Objectivity is a myth.
If a Christian takes up the approach of his critics the debate will spiral downward in to an incessant match of evidence regurgitation. After both of sides have exhausted all the contemporary arguments for and against evolution, the resurrection, and bible validity, still nothing has changed.
The critic leaves satisfied, because the Christian took the bait and accepted the game even though the deck was stacked.
In that case a fool was answered according to his folly. Or, to borrow the words of Jesus, the Christian has casted his pearls before swine (Matthew 7).
In this case, silence is preferable. A closing of the mouth may speak volumes of godly rebuke.
‘Answer a fool according to his folly, Lest he be wise in his own eyes.’
Again, this seems to be a surface level contradiction when compared with v. 4. But remember one of the principles of the book of Proverbs is this: Wisdom only comes to those who diligently and desperately seek it (Proverbs 2:1-5). Wisdom does not come to those who would lazily cherry pick a verse as cheap ammo against bible authority.
It should be noted that there are many interpretive disciplines to employ when taking up Scripture, such as grammatical nuances, historical context, literary genre, and authorial intent. The secular critic rarely employs any of these when reading into the meaning of alleged contradictions.
Verse 4 may also be presented like this: ‘Answer not a fool according to his own presuppositions, lest you be like him’
When both sides apologetic foundations are addressed it may be time to proceed with debate. When a critic believes his arguments are above reproach then the Christian should expose his subjective presuppositions with the only unchanging foundational truth: the Bible.
For example: If the critic believes they evolved by chance (unguided natural process), then the Christian may need to point out that their processes of logic also evolved by chance. So ultimately, the critic can’t be sure they are even asking the right questions. Even more, they can’t be certain they are capable of knowing with certainty the answers. The critic has no ground to stand on but the randomly programmed chemical reactions of the 8 pounds of tissue between his ears.

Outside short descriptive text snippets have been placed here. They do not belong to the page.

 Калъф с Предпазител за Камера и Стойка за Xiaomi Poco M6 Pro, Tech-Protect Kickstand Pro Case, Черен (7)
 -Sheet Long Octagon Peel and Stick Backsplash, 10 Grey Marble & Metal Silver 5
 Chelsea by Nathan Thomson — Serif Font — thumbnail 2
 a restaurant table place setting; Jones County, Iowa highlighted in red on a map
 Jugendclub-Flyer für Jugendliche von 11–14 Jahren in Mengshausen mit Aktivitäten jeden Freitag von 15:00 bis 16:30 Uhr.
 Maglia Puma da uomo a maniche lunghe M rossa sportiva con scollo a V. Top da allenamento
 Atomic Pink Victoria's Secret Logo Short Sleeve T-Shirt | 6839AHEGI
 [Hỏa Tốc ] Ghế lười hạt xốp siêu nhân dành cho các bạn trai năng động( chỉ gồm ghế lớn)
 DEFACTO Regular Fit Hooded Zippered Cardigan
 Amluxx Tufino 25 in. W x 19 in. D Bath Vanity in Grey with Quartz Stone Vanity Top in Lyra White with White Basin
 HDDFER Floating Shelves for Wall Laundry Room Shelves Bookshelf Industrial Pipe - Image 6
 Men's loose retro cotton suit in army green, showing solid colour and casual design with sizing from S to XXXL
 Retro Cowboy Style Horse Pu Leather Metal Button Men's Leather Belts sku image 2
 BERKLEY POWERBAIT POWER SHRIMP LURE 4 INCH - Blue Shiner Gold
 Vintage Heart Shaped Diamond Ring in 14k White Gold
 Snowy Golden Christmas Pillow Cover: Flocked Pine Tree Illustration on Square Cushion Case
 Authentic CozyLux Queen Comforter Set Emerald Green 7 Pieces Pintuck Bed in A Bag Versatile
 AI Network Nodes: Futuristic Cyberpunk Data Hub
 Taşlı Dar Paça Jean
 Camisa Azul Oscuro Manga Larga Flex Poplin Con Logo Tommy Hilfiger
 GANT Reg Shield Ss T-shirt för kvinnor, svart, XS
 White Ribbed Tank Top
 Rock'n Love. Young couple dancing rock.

How can the Christian be certain their logic has ground in historical reality? The Christian appeals to something outside of self. To the true abiding eternal word that has never changed and reveals the design and mind of God. The Christian stands on the firm foundation of God’s word. The pinnacle of the Bible is the glory of God as revealed in the gospel of Jesus Christ.
When the fool’s error is exposed using God’s living word he is forced to an impasse: submit to it or scorn it. If there is a softness of heart and open door to a clear presentation of the gospel you have been right in answering the fool according to his folly.
Without the goal of the biblical gospel, apologetics becomes nothing more than intellectual one upmanship.
Defending the faith should always be done humbly and boldly (1 Peter 3:15).
So there are times you should answer a fool and there are times you shouldn’t. It depends on the nature of the fool.
Is there evidence of grace in the fool’s words, demeanor, and person? Answer him according to his folly. Is there only an insulting scorn and hardness in the fool’s discourse? Do not answer him according to his folly.
How can you discern when and how to answer a fool? That takes Holy Spirit-born Bible-saturated wisdom. This divine wisdom must be prayerfully and intensely sought before God.
Such wisdom doesn’t come cheap or easy. But the truth is neither cheap or easy. Otherwise it would be an easy sell.
As wise Solomon once said in Ecclesiastes 3:7: There is a time to speak and a time to shut up. There is a season for everything.